(This January 5 story refiles to clarify in 5th paragraph that ambulance delay occurred at a separate hospital)
MISSION VIEJO, Calif. (Reuters) – Southern California is so overwhelmed with coronavirus cases that patients are backed up trying to get into hospitals, and corpses get stuck in another logjam once they leave.
At one hospital in Orange County, ambulances loaded with patients are lining up outside waiting for space in the intensive care unit, and COVID-19 patients fill the emergency room hallway.
In nearby Los Angeles County, where people are dying of the disease at the rate of one every eight minutes, and other hard-hit areas, refrigerated trailers will be brought in to provide extra corpse-storage capacity.
“When we get filled up with COVID patients, we can’t take care of the community in general,” said Dr.
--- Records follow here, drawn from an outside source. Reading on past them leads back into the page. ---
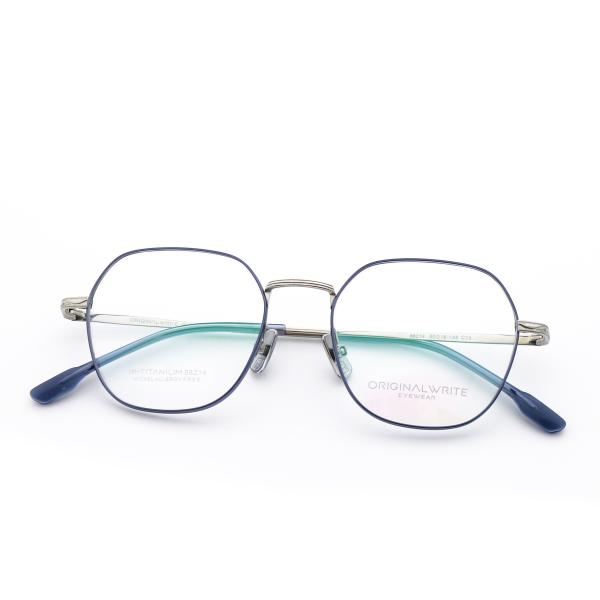 Spectacle Titanium Frames Pure Titanium Glasses Frame Comfortable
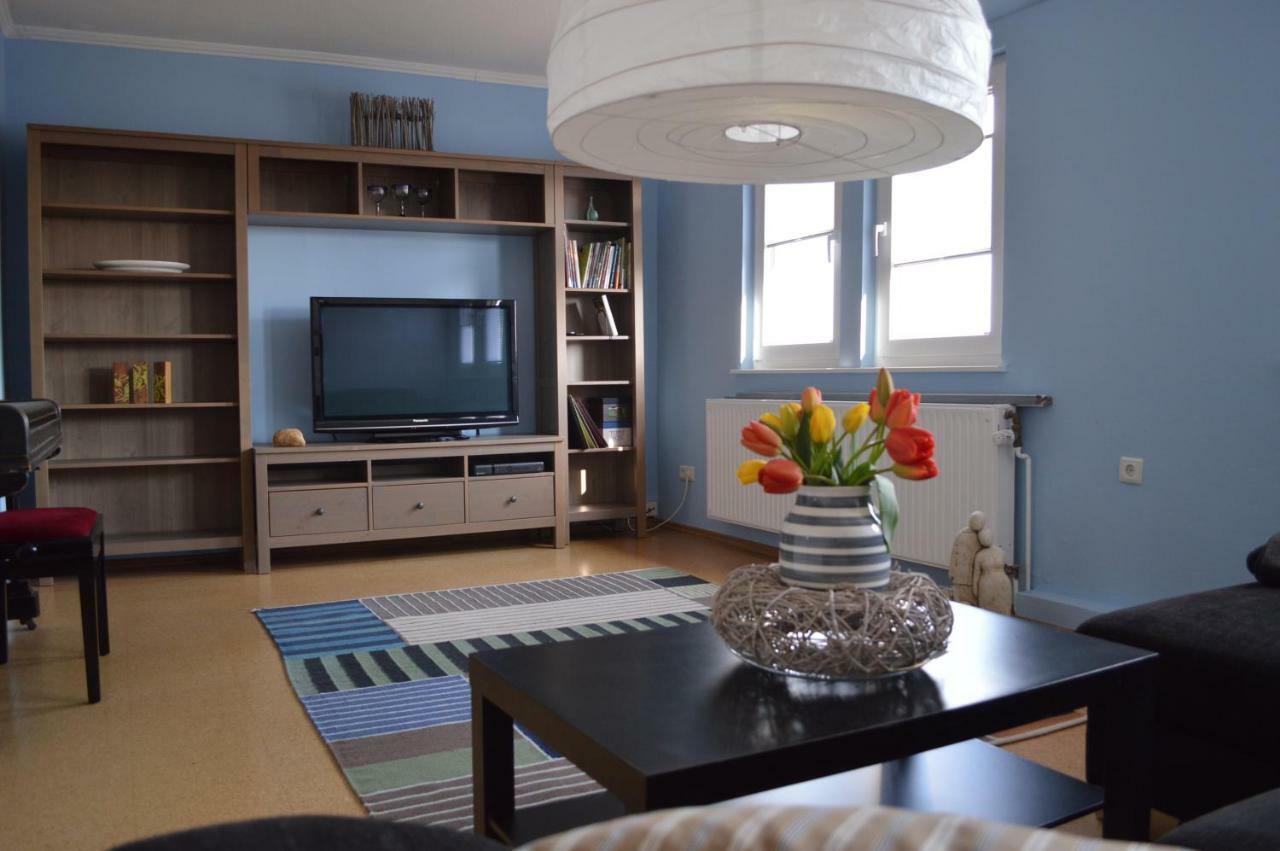 Landidyll Apartment อูลเซิน ภายนอก รูปภาพ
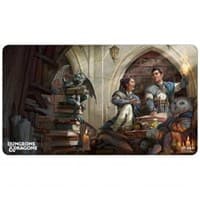 Dungeons and Dragons Cover Series: Strixhaven: A Curriculum of Chaos Playmat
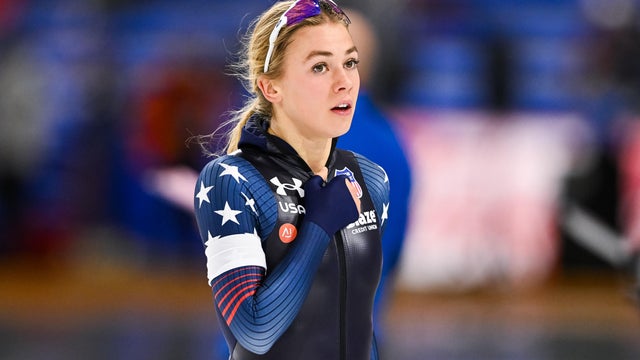 SPEED SKATING: NOV 21 ISU Speed Skating World Cup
Jim Keany, 54, the managing partner for emergency physicians at Providence Mission Hospital in Mission Viejo. “Every bed is full, every nurse and doctor is occupied taking care of COVID patients.”
One patient waited in the ambulance more than five hours at another nearby hospital before being admitted, Keany said.
Despite strict stay-at-home measures that were fortified across most of the state last month, California, the most populous state with nearly 40 million people, leads the United States with nearly 2.6 million COVID-19 cases, over a million more than the next state, according to a Reuters tally of official data.
Its death toll of more than 28,000 trails only those of New York and Texas.
With the bodies accumulating, the California Office of Emergency Services said it has arranged to send 88 trailers to needy areas around the state.
The Los Angeles County Coroner’s Office headquarters will receive 10 morgue trailers, in addition to 12 set up there in April, said spokeswoman Sarah Ardalani.
Orange County officials had previously allowed hospitals to divert patients elsewhere when they were full, but now that virtually all the hospitals have reached capacity that policy has been rescinded, resulting in long waits for treatment, Keany said.
“We are pushing our carpenters and facility people to an extreme in trying to build out space where we can manage patients,” Keany said.
Dr. Robert Goldberg, 44, a pulmonary and critical care physician at Providence Mission Hospital, called on the public to help reduce the threat by wearing masks, maintaining social distance and getting the vaccine once it becomes available.
“COVID is real. It’s life-threatening,” Goldberg said. “People of all ages are dying. We need to work together. We need to get through this together.”